Your assignment: Everything in the listing below except the pictures should be reproduced exactly.

Segment Start: Information provided

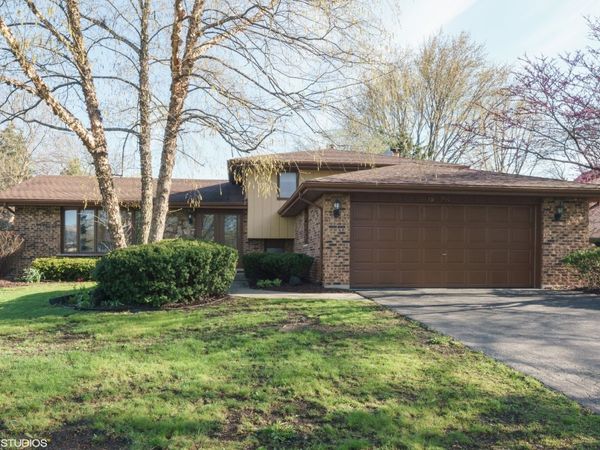 16W700 Fern Street , Willowbrook, IL 60527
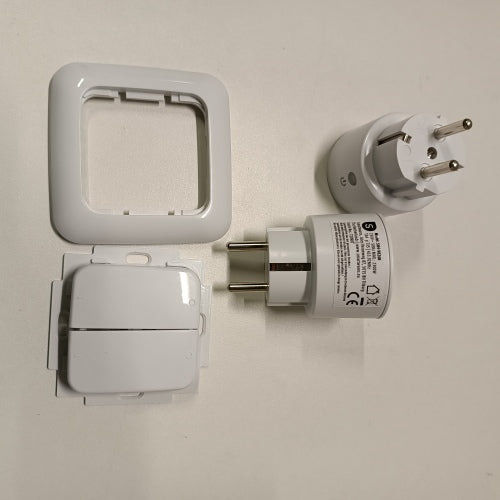 Ecost customer return Smartwares SH499575 Indoor Socket Switch Set with Double Light Switch  Plug &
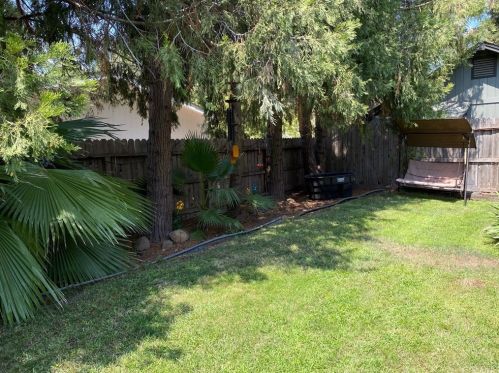 1033 Windsor Way, Chico CA  95926-3259 exterior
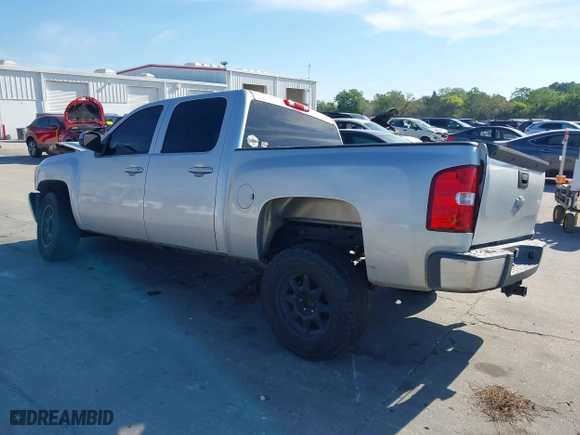 2012 Chevrolet Silverado 1500 LT with VIN 3GCPCSE00CG280478, listed as a IAAI auction lot 41894193 with 216,284 mi miles. Bid and sale history available at carsss.com. Image 3.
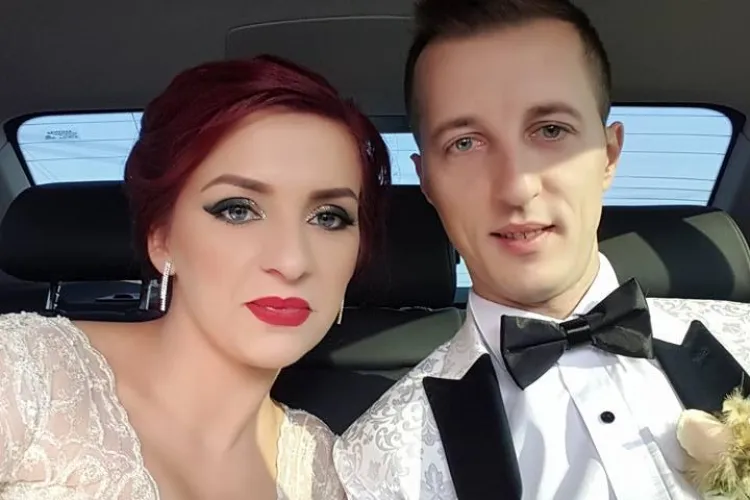 Cea mai mare nuntă din Apahida! S-a aruncat cu bani pentru distracția mirilor - VIDEO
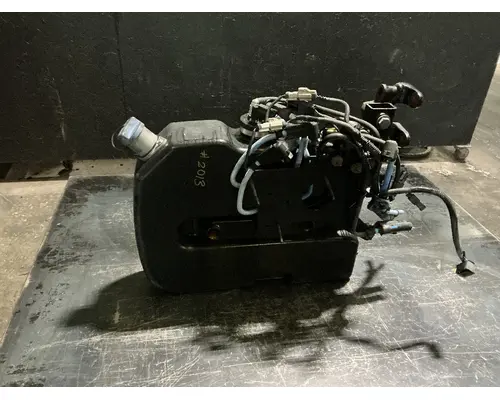 FREIGHTLINER M2 106 DEF Tank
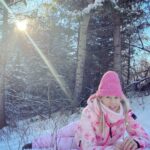 Jennie Garth Instagram - Family hike time! ❄️🥾⛄️We went deep into the woods and saw the most beautiful icy river and tracked wild animals (they were all hiding from us, I guess they saw us coming lol) Our outdoor fits by: @loveshackfancy x @bogner @ferastyle @kjus @thenorthface @carhartt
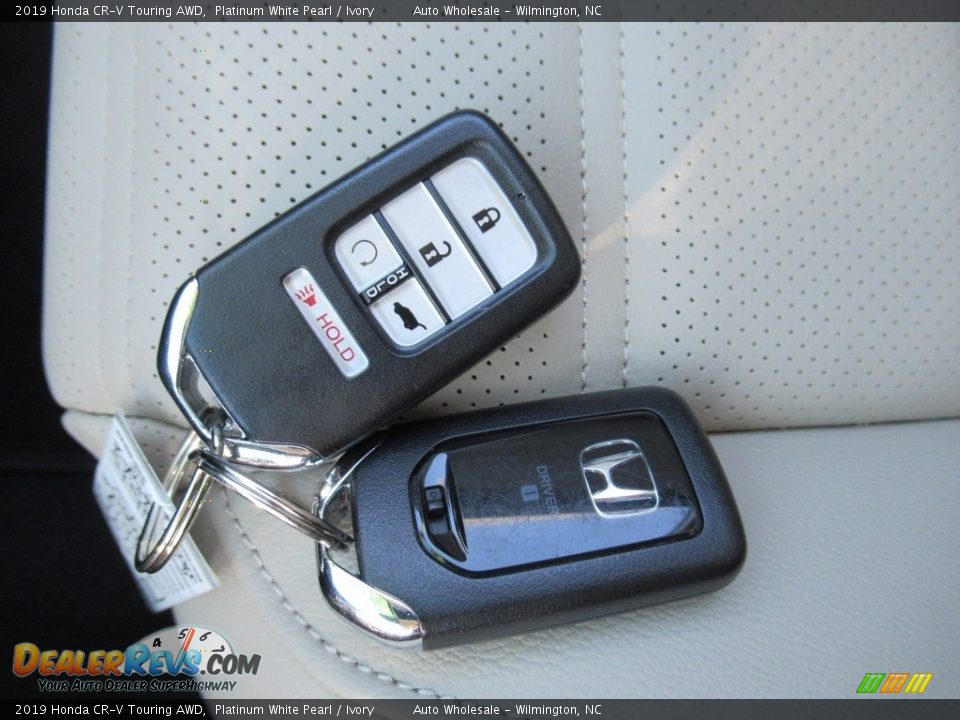 2019 Honda CR-V Touring AWD Platinum White Pearl / Ivory Photo #20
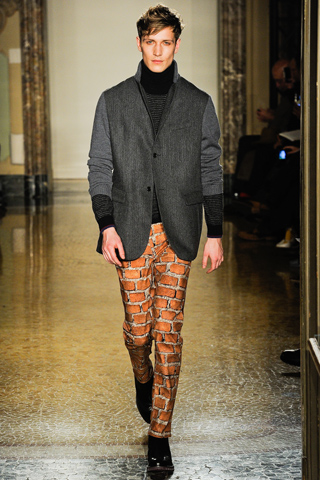 Moschino / - 2012-2013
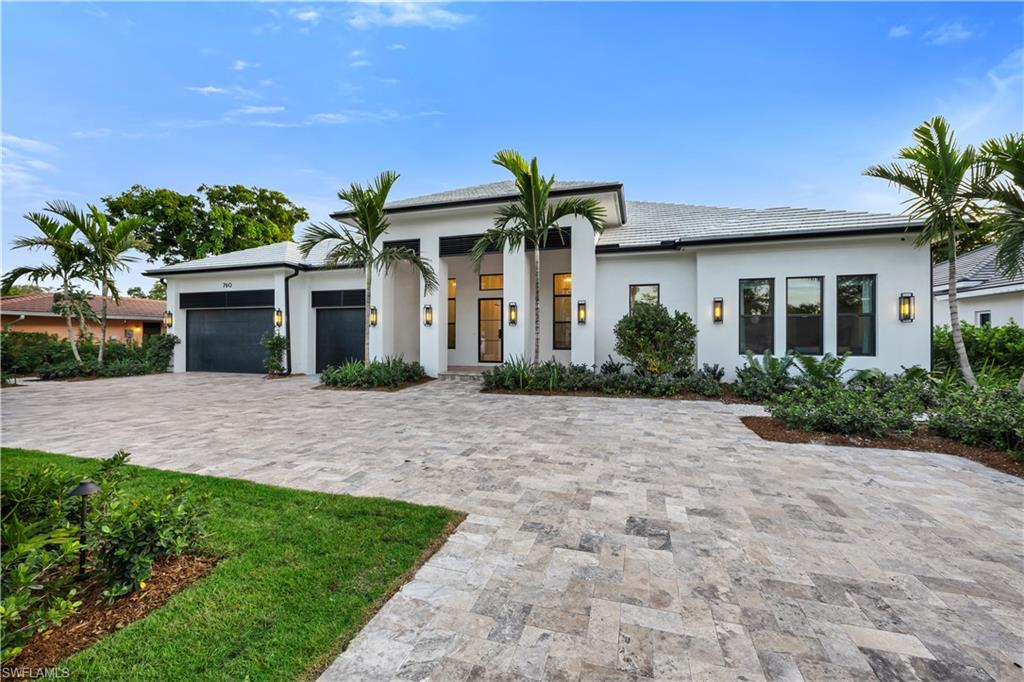 PARK SHORE - Residential
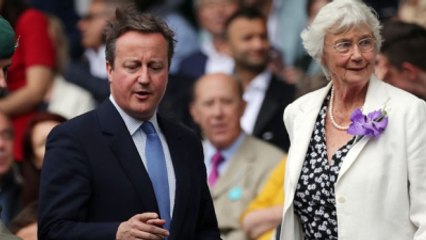 İngiltere Başbakanı Cameron, Wimbledon'da Yuhalandı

Segment End: Information provided

Response to this exercise:
 16W700 Fern Street , Willowbrook, IL 60527
 Ecost customer return Smartwares SH499575 Indoor Socket Switch Set with Double Light Switch  Plug &
 1033 Windsor Way, Chico CA  95926-3259 exterior
 2012 Chevrolet Silverado 1500 LT with VIN 3GCPCSE00CG280478, listed as a IAAI auction lot 41894193 with 216,284 mi miles. Bid and sale history available at carsss.com. Image 3.
 Cea mai mare nuntă din Apahida! S-a aruncat cu bani pentru distracția mirilor - VIDEO
 FREIGHTLINER M2 106 DEF Tank
 Jennie Garth Instagram - Family hike time! ❄️🥾⛄️We went deep into the woods and saw the most beautiful icy river and tracked wild animals (they were all hiding from us, I guess they saw us coming lol) Our outdoor fits by: @loveshackfancy x @bogner @ferastyle @kjus @thenorthface @carhartt
 2019 Honda CR-V Touring AWD Platinum White Pearl / Ivory Photo #20
 Moschino / - 2012-2013
 PARK SHORE - Residential
 İngiltere Başbakanı Cameron, Wimbledon'da Yuhalandı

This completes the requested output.